§ Data block
══════
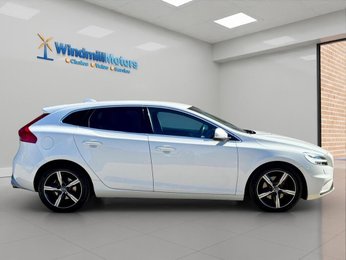 Volvo V40 2.0 T2 R-Design Euro 6 (s/s) 5dr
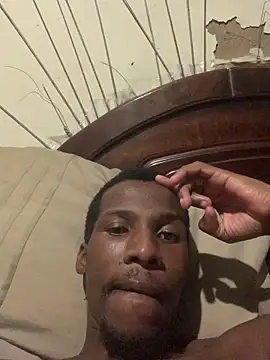 Snapshot of DManL chatting on March 24, 7:08 pm DManL online show from March 24, 7:08 pm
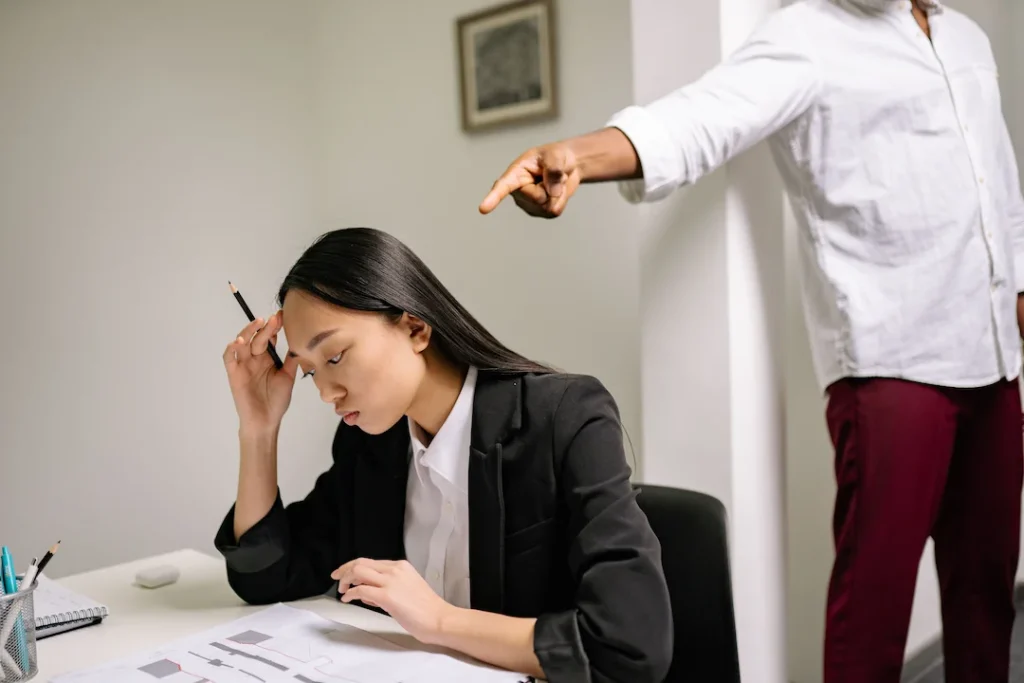 Acoso laboral en Chile: qué es, cómo reconocerlo y dónde denunciar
══════
§ Aim of the task
Write out the lines of the material from the one containing "Snapshot of DManL" through the last, exactly and only those. Leave every picture out.

§ Solved problem
 Snapshot of DManL chatting on March 24, 7:08 pm DManL online show from March 24, 7:08 pm
 Acoso laboral en Chile: qué es, cómo reconocerlo y dónde denunciar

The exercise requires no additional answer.